Deep-Diving Into Specific Queries:
Under the CoCo baseline evaluation, a medication related query scored a poor 0.33. The model had no visibility into medication data as the baseline view does not have that data and was forced to generate guesses based on limited peripheral rows. Under the Custom Domain Skill, it scored a perfect 1.00 because the entire list of active medications was pre-compiled directly into the patient-360 table. Similarly, queries looking at average medication adherence percentages or Area Deprivation Index (ADI) levels scored a flat 0.00 under CoCo but hit a flawless 1.00 under the Custom Domain Skill.

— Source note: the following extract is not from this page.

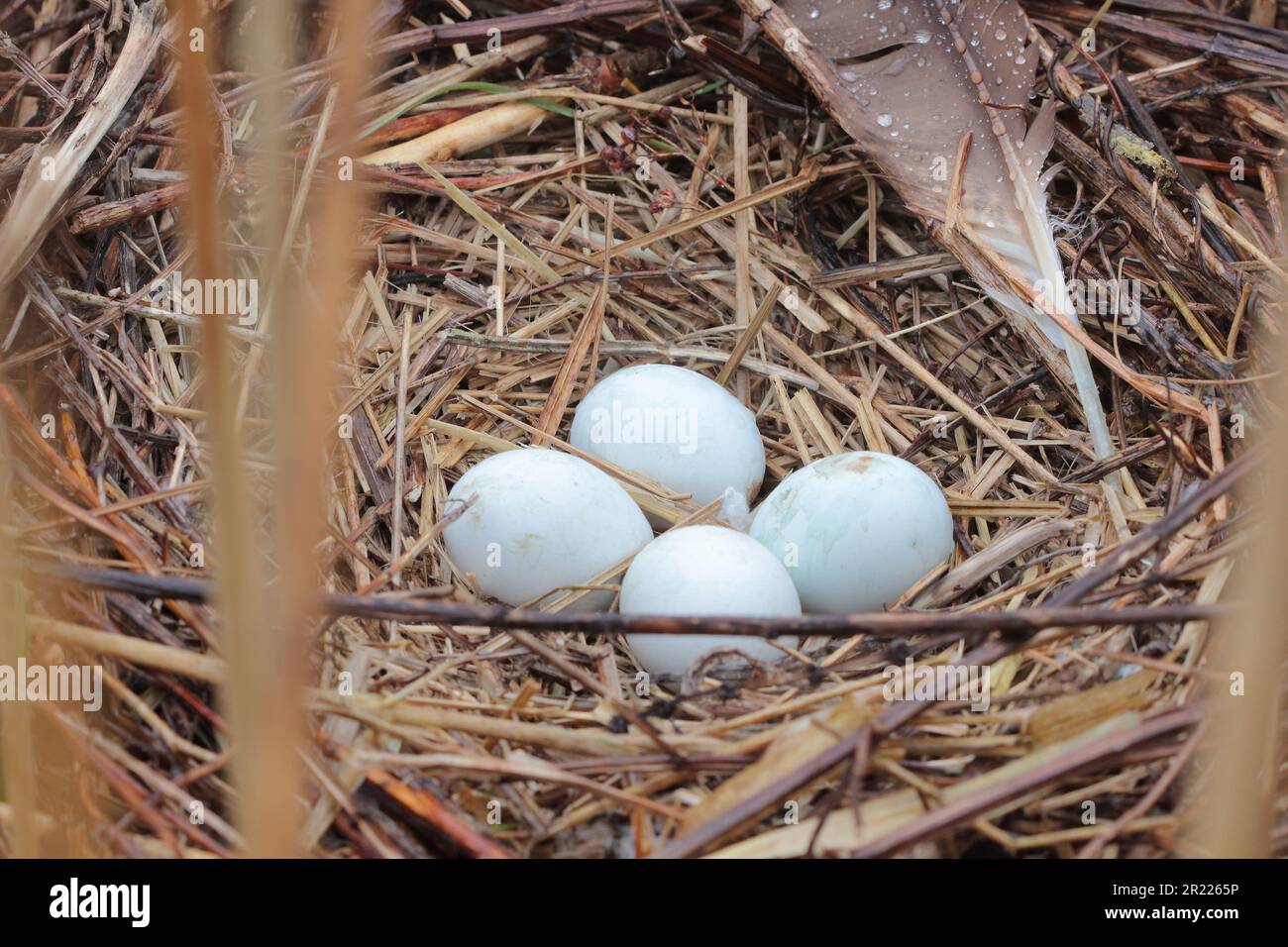 Die Eier der Weihe des Westmarsches (Circus aeruginosus) auf dem Nest im Schilf Stockfoto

Crucially, we noticed a major difference in out-of-scope query behavior. When we tested standard non-clinical prompts (e.g., 'Write me a Python script to scrape Amazon prices'), both systems correctly rejected the requests with a 1.00 score. However, the Custom Domain Skill achieved this instantly at the semantic boundary thanks to its built-in `ai_question_categorization` configuration. The baseline view, lacking these guardrails, passed the prompt upstream to the core LLM, which wasted processing steps scanning unrelated tables before giving up. This structural difference explains why the Custom Domain Skill consumed significantly fewer total input tokens (926,750 vs. 1,003,295) and minimized total infrastructure costs.
Evaluation Summary
Single iteration of Custom Domain Skill delivered measurable improvements:
- Answer Correctness increased from 63.0% to 77.0%.
- Logical Consistency improved from 98.0% to 100.0%.
- Input token consumption decreased by 76,545 tokens.
- Total LLM calls decreased from 108 to 98.
- Critical clinical queries improved from failing scores (0.00–0.33) to perfect scores (1.00).
- Out-of-scope requests were rejected more efficiently.
- Infrastructure costs were reduced without sacrificing correctness.
Key Takeaway
The standard automation tool (CoCo Baseline) failed because it only looked at 4 basic tables and ignored the complex clinical data. It forced the AI to guess, resulting in poor accuracy scores (like 0.33 or 0.00).
By building a Custom Domain Skill, those hidden clinical tables were pre-cleaned and flattened into a single, unified view. This eliminated the guesswork, gave the AI clear rules to follow, and instantly boosted accuracy scores to perfection (1.00) on critical healthcare questions. The broader lesson extends beyond healthcare. Enterprise AI systems do not fail because large language models are incapable.
They fail because semantic context is incomplete. Organizations will suffer from underinvesting in semantic architecture, domain modeling, and data engineering. This evaluation also demonstrates that context engineering is often more impactful along with model engineering to make AI real for business in regulated industries like Healthcare and Life Sciences.